Hello, can you please help me :)?

I have an array like this:

a=[1,-8,4,6]

there a positive and negative numbers in.

but now i only want to count the positive.

So now I have to make a function which returns the number of positive
numbers (in this time 3). I have tried, but I also managed to count all
numbers. but I need only to count the positive numbers. And I should do
it with a loop.

This is what I got so far:

def anzahl_positiv(a)

return a.count

end

puts "#{anzahl_positiv(a)}"

Would be nice if you would help me :). Thank you!

You're going to have to count them. a positive number is 0 or greater, use that as your check. You could do an if statement and count the positives and elsif to count negatives, and have a nice routine to use at anytime.

Wayne

Count takes a block and only counts the elements for which it is true:

irb1.8.7> a = [ 1, 2, -4, 8 ]
#1.8.7 => [1, 2, -4, 8]
irb1.8.7> a.count
#1.8.7 => 4
irb1.8.7> a.count {|e| e > 0}
#1.8.7 => 3

-Rob

Rob Biedenharn
rob.biedenharn@gmail.com

Dear Wayne,

could you please give me the function?

I understand what you mean,but I don´t understand how to do it.

Thank you

Rob's message contains the exact code you need.

Yes, but we have to do it in a loop in a function.

So it should be:

a=[1,-5,3,6]

def anzahl (a)

and here i need the loop whicht only counts the positive numbers.

how can i do this?Would be nice to help me

One way to do it would be to initialise a local variable outside the
loop:

count = 0

Increment it inside the loop:

a.each { |number| count+=1 if number >= 0 }

And then return the count.

Thank you so much :). That helped me!
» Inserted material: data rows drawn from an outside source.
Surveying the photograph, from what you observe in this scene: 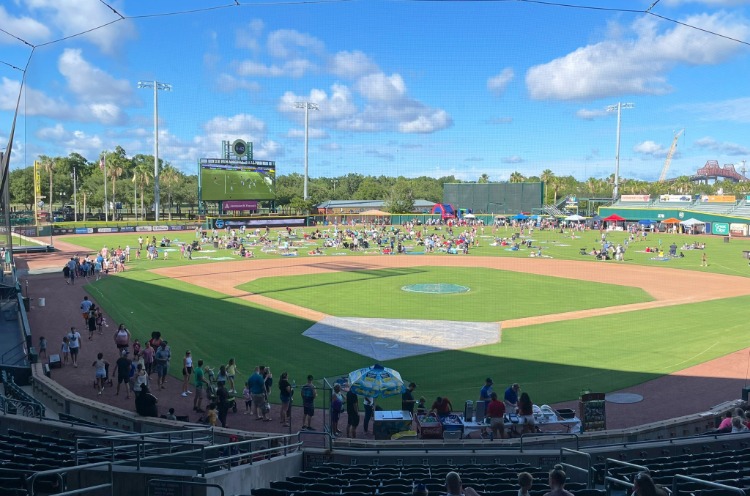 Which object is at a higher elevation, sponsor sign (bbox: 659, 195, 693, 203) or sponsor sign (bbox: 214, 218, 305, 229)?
sponsor sign (bbox: 659, 195, 693, 203)

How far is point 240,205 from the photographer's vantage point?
87.0 meters

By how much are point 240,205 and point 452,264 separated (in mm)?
47665

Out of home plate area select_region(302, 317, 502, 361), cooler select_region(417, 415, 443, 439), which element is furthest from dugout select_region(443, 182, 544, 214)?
cooler select_region(417, 415, 443, 439)

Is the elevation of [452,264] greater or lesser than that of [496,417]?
greater

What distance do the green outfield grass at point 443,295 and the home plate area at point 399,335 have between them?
1.39m

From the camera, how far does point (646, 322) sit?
1013 inches

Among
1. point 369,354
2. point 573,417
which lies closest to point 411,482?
point 573,417

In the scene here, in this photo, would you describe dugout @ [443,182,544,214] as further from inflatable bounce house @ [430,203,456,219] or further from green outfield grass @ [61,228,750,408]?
green outfield grass @ [61,228,750,408]

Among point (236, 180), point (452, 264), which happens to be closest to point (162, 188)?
point (236, 180)

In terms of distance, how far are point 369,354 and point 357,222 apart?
271ft

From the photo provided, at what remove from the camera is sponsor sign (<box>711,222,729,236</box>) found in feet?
261

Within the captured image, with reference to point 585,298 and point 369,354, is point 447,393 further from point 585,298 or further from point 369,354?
point 585,298

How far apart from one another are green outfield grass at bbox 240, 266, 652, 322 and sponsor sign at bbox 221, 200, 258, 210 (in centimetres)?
4827

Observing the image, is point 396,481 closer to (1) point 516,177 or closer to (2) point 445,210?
(2) point 445,210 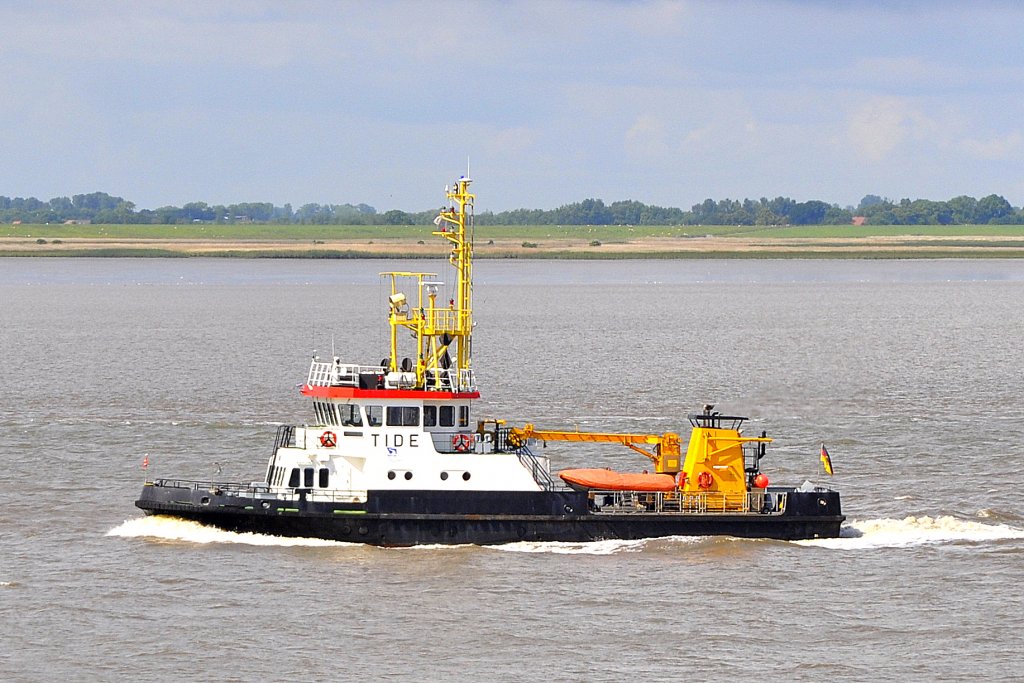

Now I understand :).

a.inject(0) { |count, element| element >= 0 ? count+1 : count }

At the first iteration, count is equal to the argument of inject ( = 0 )
At each iteration count is equal to the last value returned.
The block returns the same value (count) or the incremented (count+1)
if the element is >=0.

Look at

But, the Rob Biedenharn way is the "right" way to go.

a.count {|e| e > 0}

Best regards,
Abinoam Jr.